The purchase underscores the cost advantages and high forestry potential that pulp companies in Brazil, the world’s top pulp producer, have relative to rivals in North America and Europe. Brazilian pulp makers are operating at full capacity and opening new factories, even as the global market is facing its worst downturn in six decades.
“This makes sense for the Chileans because they are entering a cost-competitive market that has outstanding growth prospects going forward,” said Jayme Alves, a paper and pulp analyst with Sao Paulo-based Spinelli Corretora.
The transaction would allow CMPC, controlled by Chile’s Matte family, to become the world’s second-largest pulp producer by 2013, with capacity of 3.8 million metric tons, according to estimates provided by Sao Paulo-based Itau Securities.
Guaiba has pulp, forestry, paper and wood businesses that include a plant to process cellulose and another to produce paper. The transaction also includes 212,000 hectares of land of which 60 percent is planted with eucalyptus trees ready to be harvested.
Signs of a recovery in the global pulp and paper market are emerging and companies around the world are boosting output as prices rise worldwide. Fibria will boost prices for the fifth time this year in October, indicating it has gained pricing power amid a revival of demand, a person familiar with the decision told Reuters on Tuesday.
Global pulp inventory fell to the lowest level in more than seven years this month and prices have recovered mainly due to China’s growing need for fiber to accommodate urbanization.

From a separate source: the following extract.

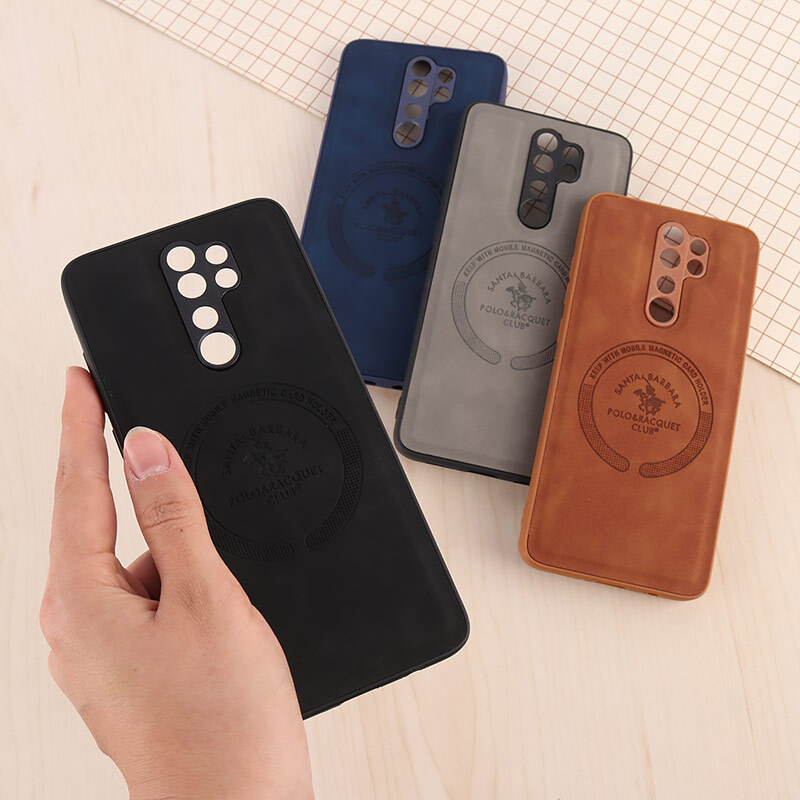 قاب چرمی Polo & Racquet Club شیائومی Redmi Note 8 Pro طرح مگ سیف محافظ لنزدار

CMPC shares surged 8.5 percent to 17,962 Chilean pesos on Wednesday, the biggest intraday jump since at least August 2007. The stock has gained 14 percent in the 12 months that ended on Sept. 22.
Standard and Poor’s said it may downgrade CMPC’s A-minus rating within the next 90 days as the deal might increase the company’s debt.

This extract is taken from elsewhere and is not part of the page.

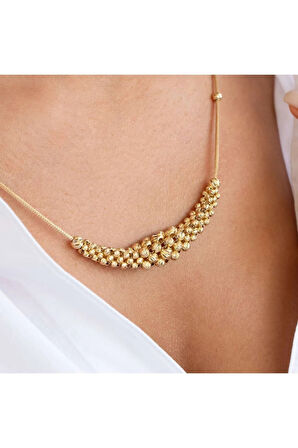 Dorika Altın İtalyan Kolye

CMPC’s board will ask shareholders to approve a share sale plan of $500 million and a bond issuance worth up to $500 million to fund the acquisition, according to a regulatory filing.
“The very positive outlook for the pulp market, as well as CMPC’s efficient management lead us to highlight this as a good acquisition for the company,” analysts at Bci Corredor de Bolsa said in a note to clients on Wednesday.

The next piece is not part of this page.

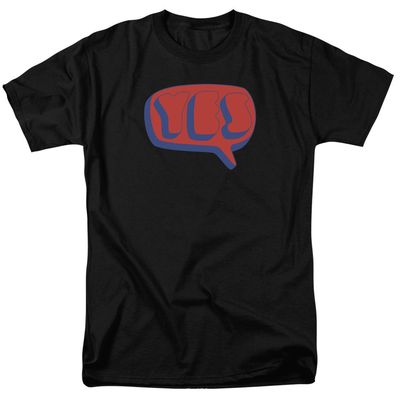 Yes Word Bubble Mens T Shirt Black Retro Pop Classics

The Guaiba purchase would be one of the largest-ever acquisitions by a Chilean company and comes as the country grapples with the ravages of the global financial storm.
CMPC has a presence in Argentina, Colombia, Mexico, Peru and Uruguay and, before the Guaiba acquisition, was the second-largest Chilean pulp maker, behind Copec’s COP.SN Arauco forestry unit.
Itau said CMPC’s offer would value Guaiba at almost half the $3,000 per metric ton of pulp produced with existing assets and below the $2,400 per ton at which the brokerage values parent Fibria’s output per ton.
“Guaiba valuations might have been distorted by the size of Aracruz debt,” said Alves of Spinelli.
Common shares of Fibria rose 1 percent to 29.99 reais in Sao Paulo. Aracruz reversed early gains and fell 0.3 percent to 4.02 reais.
Aracruz management had considered selling the Guaiba plant for a long time to help trim indebtedness.
Aracruz was one of several companies that posted hefty derivatives-related losses last year, when Brazil’s currency tumbled 33 percent against the dollar amid the global financial crisis.
“In our view, the deal does not make strategic sense for Fibria,” said Itau Securities analyst Marcos Assumpcao in a note to clients. It is “bringing a new competitor to Fibria’s backyard ... and sacrificing Fibria’s project with the fastest growth potential.”
Fibria Chief Financial Officer Marcos Grodetzky said in July the company will rely on asset sales and the freeze of some investments to cut net debt to the equivalent of 5.2 times its EBITDA, or earnings before interest, taxes, depreciation and amortization, next year.
The ratio of net debt to EBITDA is expected to be 7.7 this year. Chief Executive Carlos Aguiar also said Fibria’s factory capacity should remain unaltered for up to three years.